Dataset items:
= = = = = = =

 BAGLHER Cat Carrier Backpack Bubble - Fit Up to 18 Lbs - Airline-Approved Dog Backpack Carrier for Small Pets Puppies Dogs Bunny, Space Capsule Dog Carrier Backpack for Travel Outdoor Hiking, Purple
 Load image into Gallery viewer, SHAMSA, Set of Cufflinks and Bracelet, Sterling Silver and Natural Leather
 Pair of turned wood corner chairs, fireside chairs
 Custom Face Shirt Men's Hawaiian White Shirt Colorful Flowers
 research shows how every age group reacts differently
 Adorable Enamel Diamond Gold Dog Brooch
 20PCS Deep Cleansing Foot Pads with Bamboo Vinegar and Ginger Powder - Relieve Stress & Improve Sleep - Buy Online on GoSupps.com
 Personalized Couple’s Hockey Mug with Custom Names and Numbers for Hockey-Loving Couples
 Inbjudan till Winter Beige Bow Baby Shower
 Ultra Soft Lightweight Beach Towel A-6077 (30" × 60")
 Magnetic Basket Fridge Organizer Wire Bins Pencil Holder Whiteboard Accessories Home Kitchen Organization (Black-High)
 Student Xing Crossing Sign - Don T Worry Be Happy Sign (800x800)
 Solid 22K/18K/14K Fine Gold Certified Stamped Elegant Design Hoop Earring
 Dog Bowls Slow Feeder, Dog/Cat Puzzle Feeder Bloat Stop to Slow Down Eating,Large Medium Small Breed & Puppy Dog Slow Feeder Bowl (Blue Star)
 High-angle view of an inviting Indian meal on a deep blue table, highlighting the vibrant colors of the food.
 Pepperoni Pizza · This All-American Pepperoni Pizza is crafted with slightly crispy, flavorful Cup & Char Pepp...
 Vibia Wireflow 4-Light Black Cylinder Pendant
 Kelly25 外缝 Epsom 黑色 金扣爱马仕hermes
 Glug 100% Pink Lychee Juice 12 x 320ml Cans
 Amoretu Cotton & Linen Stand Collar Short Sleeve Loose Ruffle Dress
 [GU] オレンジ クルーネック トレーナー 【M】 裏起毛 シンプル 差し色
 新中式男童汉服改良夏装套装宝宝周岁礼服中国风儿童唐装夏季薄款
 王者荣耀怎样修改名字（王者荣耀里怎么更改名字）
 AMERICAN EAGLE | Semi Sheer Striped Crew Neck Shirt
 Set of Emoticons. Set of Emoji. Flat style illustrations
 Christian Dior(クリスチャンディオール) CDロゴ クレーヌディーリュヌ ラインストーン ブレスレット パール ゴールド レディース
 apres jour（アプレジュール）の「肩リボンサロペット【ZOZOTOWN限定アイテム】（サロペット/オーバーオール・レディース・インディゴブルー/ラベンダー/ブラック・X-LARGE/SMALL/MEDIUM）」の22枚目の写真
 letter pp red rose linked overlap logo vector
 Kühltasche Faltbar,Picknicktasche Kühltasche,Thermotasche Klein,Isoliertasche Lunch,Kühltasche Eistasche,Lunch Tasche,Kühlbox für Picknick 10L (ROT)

= = = = = = =

**What to produce**
Could you set down every record exactly as given?

**Finished task**
 BAGLHER Cat Carrier Backpack Bubble - Fit Up to 18 Lbs - Airline-Approved Dog Backpack Carrier for Small Pets Puppies Dogs Bunny, Space Capsule Dog Carrier Backpack for Travel Outdoor Hiking, Purple
 Load image into Gallery viewer, SHAMSA, Set of Cufflinks and Bracelet, Sterling Silver and Natural Leather
 Pair of turned wood corner chairs, fireside chairs
 Custom Face Shirt Men's Hawaiian White Shirt Colorful Flowers
 research shows how every age group reacts differently
 Adorable Enamel Diamond Gold Dog Brooch
 20PCS Deep Cleansing Foot Pads with Bamboo Vinegar and Ginger Powder - Relieve Stress & Improve Sleep - Buy Online on GoSupps.com
 Personalized Couple’s Hockey Mug with Custom Names and Numbers for Hockey-Loving Couples
 Inbjudan till Winter Beige Bow Baby Shower
 Ultra Soft Lightweight Beach Towel A-6077 (30" × 60")
 Magnetic Basket Fridge Organizer Wire Bins Pencil Holder Whiteboard Accessories Home Kitchen Organization (Black-High)
 Student Xing Crossing Sign - Don T Worry Be Happy Sign (800x800)
 Solid 22K/18K/14K Fine Gold Certified Stamped Elegant Design Hoop Earring
 Dog Bowls Slow Feeder, Dog/Cat Puzzle Feeder Bloat Stop to Slow Down Eating,Large Medium Small Breed & Puppy Dog Slow Feeder Bowl (Blue Star)
 High-angle view of an inviting Indian meal on a deep blue table, highlighting the vibrant colors of the food.
 Pepperoni Pizza · This All-American Pepperoni Pizza is crafted with slightly crispy, flavorful Cup & Char Pepp...
 Vibia Wireflow 4-Light Black Cylinder Pendant
 Kelly25 外缝 Epsom 黑色 金扣爱马仕hermes
 Glug 100% Pink Lychee Juice 12 x 320ml Cans
 Amoretu Cotton & Linen Stand Collar Short Sleeve Loose Ruffle Dress
 [GU] オレンジ クルーネック トレーナー 【M】 裏起毛 シンプル 差し色
 新中式男童汉服改良夏装套装宝宝周岁礼服中国风儿童唐装夏季薄款
 王者荣耀怎样修改名字（王者荣耀里怎么更改名字）
 AMERICAN EAGLE | Semi Sheer Striped Crew Neck Shirt
 Set of Emoticons. Set of Emoji. Flat style illustrations
 Christian Dior(クリスチャンディオール) CDロゴ クレーヌディーリュヌ ラインストーン ブレスレット パール ゴールド レディース
 apres jour（アプレジュール）の「肩リボンサロペット【ZOZOTOWN限定アイテム】（サロペット/オーバーオール・レディース・インディゴブルー/ラベンダー/ブラック・X-LARGE/SMALL/MEDIUM）」の22枚目の写真
 letter pp red rose linked overlap logo vector
 Kühltasche Faltbar,Picknicktasche Kühltasche,Thermotasche Klein,Isoliertasche Lunch,Kühltasche Eistasche,Lunch Tasche,Kühlbox für Picknick 10L (ROT)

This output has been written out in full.